Nee, dan beschikken de tegenstanders over een veel betere moker: dode mensen. Op de Napoleonsweg, de tweebaansweg op de westelijke oever die nu al het verkeer moet verwerken, vallen jaarlijks gemiddeld vijf doden, in 1997 waren het er zelfs elf. De druk is zo groot dat een deelproject van de A73 voorziet in een wegomleiding om het dorpje Haelen, ook al ligt dat op de andere oever. Das & Boom tekende protest aan tegen deze omleiding, niet vanwege natuurbelangen, maar omdat ze bang was dat daarmee het oosttracé definitief werd. Dat werd de burgemeester van Haelen te gortig en hij zei in De Limburger: ‘De volgende keer dat ik bij zo’n dodelijk ongeval geroepen word, bel ik de voorzitter van Das & Boom en vraag hem met mij mee te gaan kijken.’ De fractieleider van de Limburgse VVD verweet Das & Boom zelfs ‘profileringsdrang over de ruggen van verkeersslachtoffers’. Een relletje was geboren. Maar Das & Boom hield vol, en pas toen Rijkswaterstaat zwart op wit beloofde dat de omleiding volledig los stond van het oost-tracé, trok de vereniging haar bezwaren tegen de omleiding in.
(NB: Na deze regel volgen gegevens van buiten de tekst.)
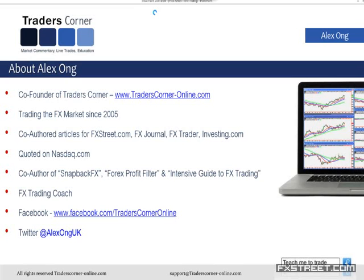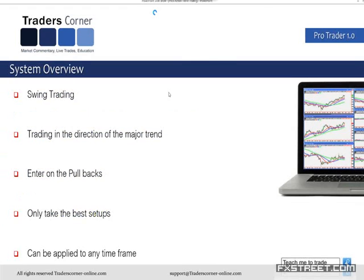You can find us on Facebook at Facebook forward slash Traders Corner online, or you can follow me on Twitter. So let's have a quick overview of what we're going to be talking about today. We're going to be talking about our system — our price action system, entries and exits.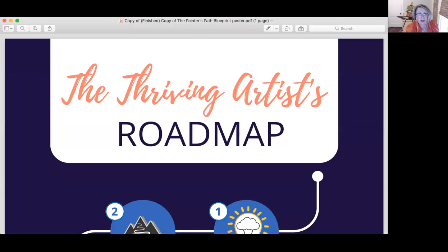This is the Thriving Artist Roadmap — the system I use myself. I developed it over trial and error over almost 10 years. Using this system got me to the point where I can confidently go through the launch process and make an offer without feeling all that discomfort, whether I'm offering a course, a workshop, or a collection of paintings. It's the same system I use for launching all of those things. We're talking about the launch mechanism — a process Jeff Walker came up with — and it contains three big stages: the pre-launch, the launch, and then the offer.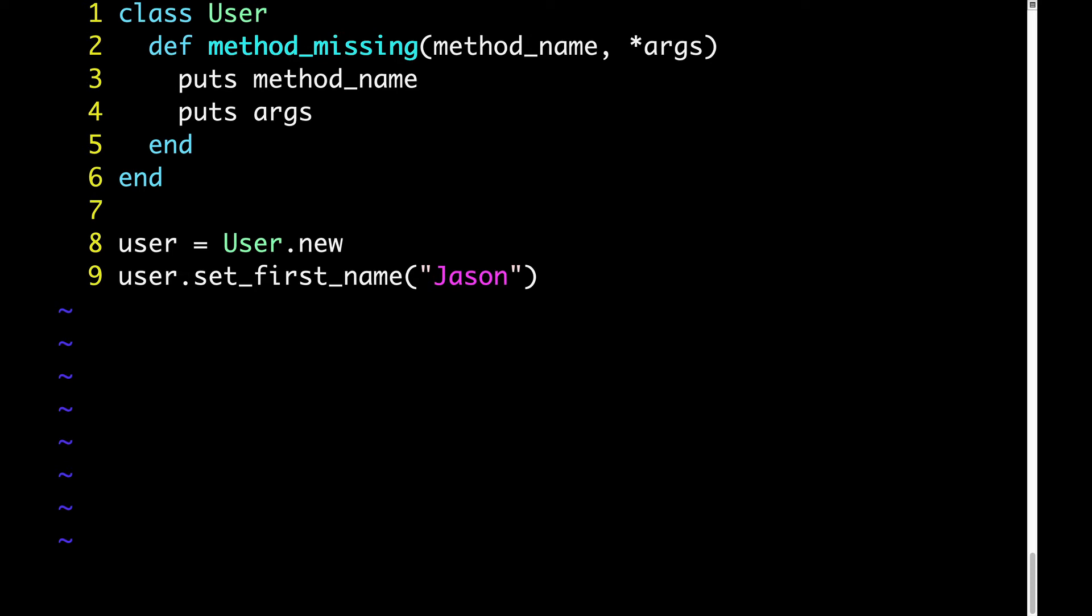By the way, you might wonder what that asterisk is all about that precedes args on line 2. That's an aspect of Ruby that perhaps calls for its own in-depth explanation, but long story short, it's called the splat operator, and it will take a list of arguments and convert that list of arguments into an array. So if we had had two arguments on line 9 instead of 1, args would be an array with two elements. And in fact, the splat operator isn't going to behave differently, depending on whether we have 1, 2, 3, 4, any number of elements. So the number 1 isn't special. We're passing just one argument, but the splat operator still converts our one argument into an array.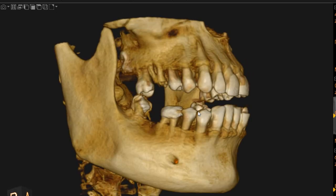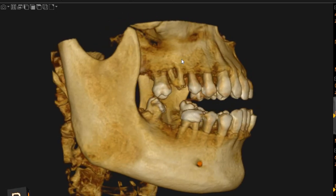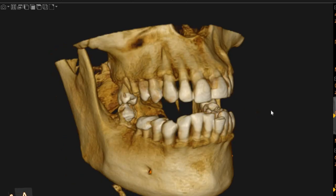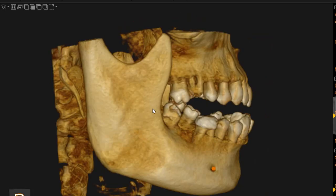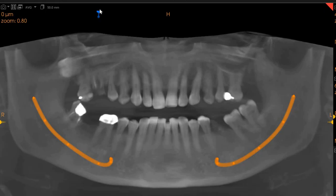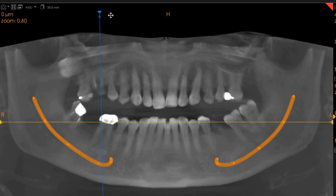This is the CBCT of the patient that you had requested. The area of interest is the upper right 5 and the lower left 6, but we'll just take you through the area. Now this is the panoramic view.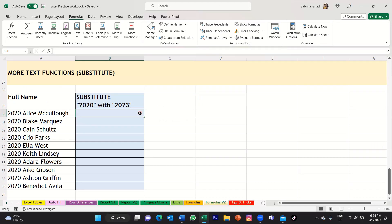Hi everyone, welcome back to my YouTube channel. My name is Sabrina and I'm back with another Excel tutorial.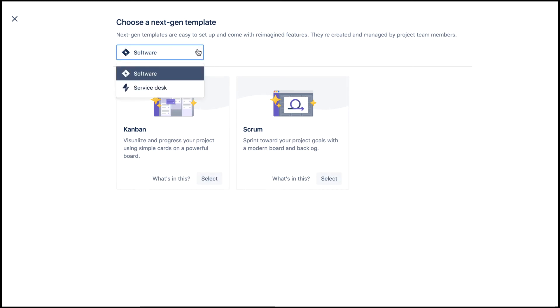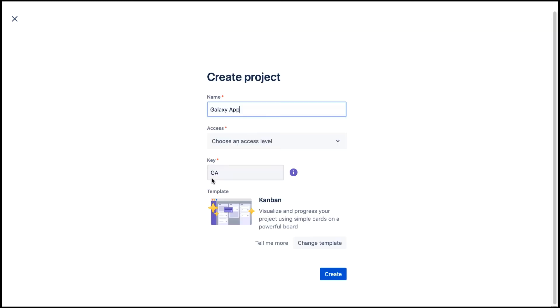If we click this drop-down, what you see here depends on what Jira products you're subscribed to. Let's select the Kanban template and we'll click create.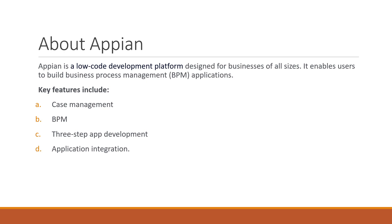From start to finish, we have one process that we need to follow to achieve that business objective. For example, if we are conducting a survey, first we need to start by distributing the survey form, then collect all the survey details from users and customers.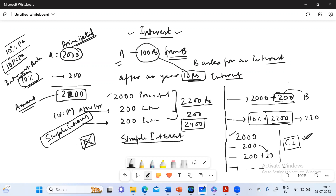For simple interest, the 10 percent per annum interest rate means you pay this percentage on the principal amount only every year. The interest you could not pay year by year — there will be no interest on that interest. The only interest you will be giving every year will be on the principal.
In zijn informatiecentrum wacht Rob Prins, projectleider van de A73, de toekomst met vertrouwen af. ‘Wij laten alleen zien hoe zorgvuldig we bezig zijn, de publiciteitscampagne berust bij de minister.’ En dus hamert Tineke Netelenbos regelmatig op de trom van de verkeersslachtoffers, onder andere in het blad Via Limburg, het informatiebulletin van Rijkswaterstaat.